Many resilient monitoring systems will automatically resolve a problem without any human interaction required. Paging users for incidents that could auto-resolve creates unnecessary noise for your on-call users. To avoid this issue, you may want to set up a waiting room. This article describes the process of setting up a waiting room escalation policy that will temporarily hold an incident for a configurable time period to allow for an automated resolution to an issue. When this action takes place, the incident is then automatically closed in VictorOps and on-call users will not be paged. If the incident remains open longer than the chosen interval, it is then routed to the responsible team/escalation policy as a triggered alert.

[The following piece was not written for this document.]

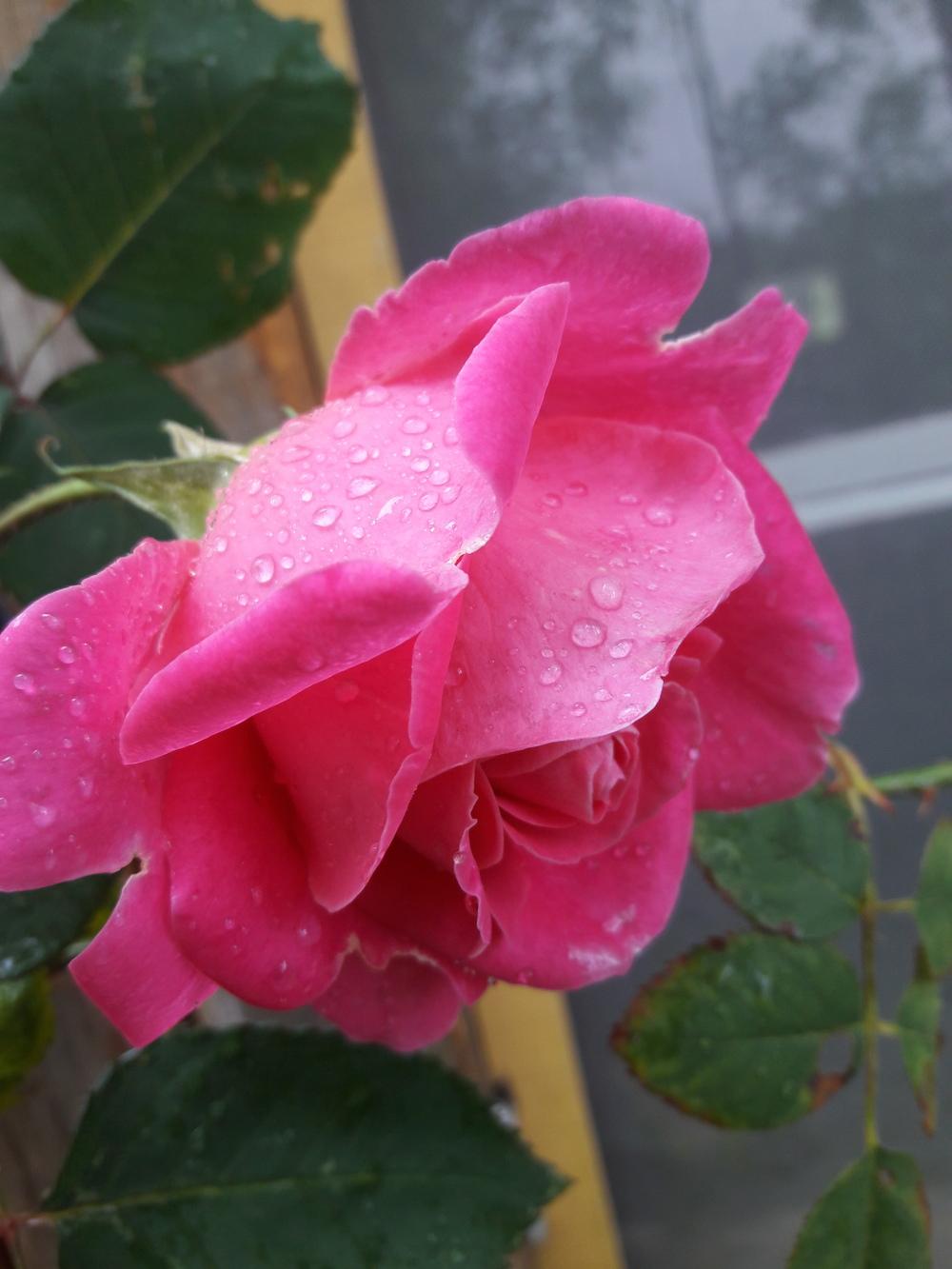 Photo of Rose (Rosa 'Pink Peace, Cl.') uploaded by Phytodiscovery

Please note: the Rules Engine section of this configuration requires a Full-Stack level of service.
Create a new Escalation Policy
Navigate to the Team in need of a waiting room Escalation Policy. Click Escalation Policies >> Add Escalation Policy.
Set up the Escalation Policy
Click the drop-down for Immediately, and choose a time interval to delay alerts that are sent to this team’s Waiting Room Escalation Policy.
For the escalation type, choose Execute Policy and then choose the policy from the team that will be responsible for these incidents should they fail to auto-resolve within the configured time delay.
Create a Routing Key
Navigate to Settings >>> Routing Keys.
Select Add Key, give the new routing key a name and choose the waiting room team you’ve just created.
Set up a Rules Engine rule to route these incidents to the Waiting Room
Navigate to Settings >>> Alert Rules Engine, and then choose Add a Rule. In the following example, we’ve configured our rule to match the entity_id field to a wildcard phrase within variable of the entity_id field. Any incoming alert that has this matching condition will be routed to the waiting room escalation policy. This way you limit the scope of the matching condition to these issues only, without affecting an on-call team’s ability to be paged immediately in the event of an urgent issue. For more information on using the Rules Engine click HERE.
If you have a variety of incidents that require this approach, and multiple teams/escalation policies that will be responsible, you will need to set up a unique waiting room escalation policy (with its own routing_key) for each of those teams’ policies. For example, “Ops Waiting Room” (escalation policy points to Ops team), and “SRE Waiting Room” (escalation points to SRE team), etc.